Figures released last week showed that the force "requested" the removal of more online content in the past four months than in the previous four years combined.
The surge in figures coincided with the student-led Occupy Central movement, which typically used social media and online forums to organise events and demonstrations.
The police said the information requested for removal since October mainly involved "obscene articles, phishing websites and accessing a computer with criminal/dishonest intent". They did not say how many requests were made for each offence.
The latter of these offences has been the subject of controversy due to its recent application to online discussion boards - and not just their use by fraudsters or other cybercriminals.
In a move that activists believe was designed to send a message to demonstrators, a 23-year-old man was arrested on the charges in October after posting an online thread discussing protest plans.
"It's highly possible that police are abusing their law enforcement power to conduct online censorship," said Jennifer Zhang, a researcher with the Hong Kong Transparency Report at the University of Hong Kong.
"There's a great lack of transparency here. In fact, according to a few forums I've been talking to, police often 'order' them to take down users' posts by phone or email," Zhang said.

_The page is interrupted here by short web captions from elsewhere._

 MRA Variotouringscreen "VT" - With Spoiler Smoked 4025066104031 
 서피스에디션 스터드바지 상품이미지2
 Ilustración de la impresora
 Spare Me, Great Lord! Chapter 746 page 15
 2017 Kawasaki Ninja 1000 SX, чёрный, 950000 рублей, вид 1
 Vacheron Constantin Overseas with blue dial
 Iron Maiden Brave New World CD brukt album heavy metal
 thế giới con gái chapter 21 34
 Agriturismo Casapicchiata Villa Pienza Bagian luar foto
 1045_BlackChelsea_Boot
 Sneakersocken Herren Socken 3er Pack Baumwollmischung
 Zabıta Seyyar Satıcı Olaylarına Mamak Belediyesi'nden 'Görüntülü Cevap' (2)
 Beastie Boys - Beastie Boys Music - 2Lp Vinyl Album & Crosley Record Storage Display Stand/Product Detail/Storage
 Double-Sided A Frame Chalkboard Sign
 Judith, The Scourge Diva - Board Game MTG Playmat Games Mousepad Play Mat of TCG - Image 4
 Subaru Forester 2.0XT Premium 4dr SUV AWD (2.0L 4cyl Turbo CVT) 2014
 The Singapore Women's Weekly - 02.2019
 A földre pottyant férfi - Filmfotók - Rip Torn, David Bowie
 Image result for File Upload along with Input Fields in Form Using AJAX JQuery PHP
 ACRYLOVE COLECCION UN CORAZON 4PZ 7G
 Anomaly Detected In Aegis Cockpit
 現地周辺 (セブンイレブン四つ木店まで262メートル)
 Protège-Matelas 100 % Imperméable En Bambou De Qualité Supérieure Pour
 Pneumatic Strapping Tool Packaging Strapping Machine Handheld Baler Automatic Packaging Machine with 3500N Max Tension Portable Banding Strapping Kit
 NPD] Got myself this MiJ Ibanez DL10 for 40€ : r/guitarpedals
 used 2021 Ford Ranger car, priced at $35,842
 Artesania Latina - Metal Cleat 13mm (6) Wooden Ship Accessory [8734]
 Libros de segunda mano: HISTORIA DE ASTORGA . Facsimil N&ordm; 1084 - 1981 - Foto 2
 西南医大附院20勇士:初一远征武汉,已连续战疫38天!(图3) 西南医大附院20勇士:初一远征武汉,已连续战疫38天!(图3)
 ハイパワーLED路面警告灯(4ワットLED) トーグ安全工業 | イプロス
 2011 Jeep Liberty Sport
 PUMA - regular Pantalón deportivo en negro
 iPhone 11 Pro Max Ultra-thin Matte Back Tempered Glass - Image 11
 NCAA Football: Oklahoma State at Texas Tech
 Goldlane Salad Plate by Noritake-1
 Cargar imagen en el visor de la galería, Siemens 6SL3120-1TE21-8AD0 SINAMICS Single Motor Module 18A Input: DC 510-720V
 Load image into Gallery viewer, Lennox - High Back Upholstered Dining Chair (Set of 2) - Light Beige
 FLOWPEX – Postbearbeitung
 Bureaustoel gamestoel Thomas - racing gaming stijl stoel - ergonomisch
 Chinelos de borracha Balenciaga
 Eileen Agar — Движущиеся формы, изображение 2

Police did not respond to an inquiry about concerns over censorship, but - in response to questions from a lawmaker on Wednesday - the government defended its procedures and said "the existing mechanism functions effectively".
The development also comes amid an "inexorable rise" in the broader number of technology crimes in the city and the establishment of a new cybercrime bureau by police commissioner Andy Tsang Wai-hung.
In response to questions from lawmaker Charles Mok, of the information technology functional constituency, the government on Wednesday disclosed that since October the police had made 101 requests to websites and service providers to delete content, such as posts on forums.
This figure compares with 29 requests in the preceding nine months of last year and a total of 65 requests in the previous three years combined.
"It is a controversial area of law enforcement. There has to be a balance between criminal prevention and freedom of speech, and that decision should not be made by the police alone," Zhang said.
The removal of online posts by the police is a legal grey area. The force is unwilling to reveal how many, if any, of its requests were supported by court orders.
The government also declined a request from Mok for independent oversight and scrutiny of the process.
"Since the existing mechanism functions effectively, we do not think it is necessary to establish a separate department or put in place separate procedures," said secretary for commerce and economic development Gregory So Kam-leung.
But Mok said many activists believed such police operations against "computer crime" impeded freedom of expression.
"Better transparency and public scrutiny is necessary to gain trust and ease privacy concerns," he added.
Another area of contention is police requests for online user information, such as email and IP addresses. Last year, there were 4,234 such cases.
"Again, there's no clear legal regulation, independent oversight or user notification in place," Zhang said.
"The only law that protects user privacy, the Personal Data (Privacy) Ordinance, is very vague in this regard. It allows police to request user information from service providers for a very simple and general 'criminal prevention' purpose," she added.
Meanwhile, customs chiefs last week announced the department would this year roll out a SocNet Monitoring System to enhance "online surveillance of illegal activities of selling counterfeit goods or infringing work on social network platforms".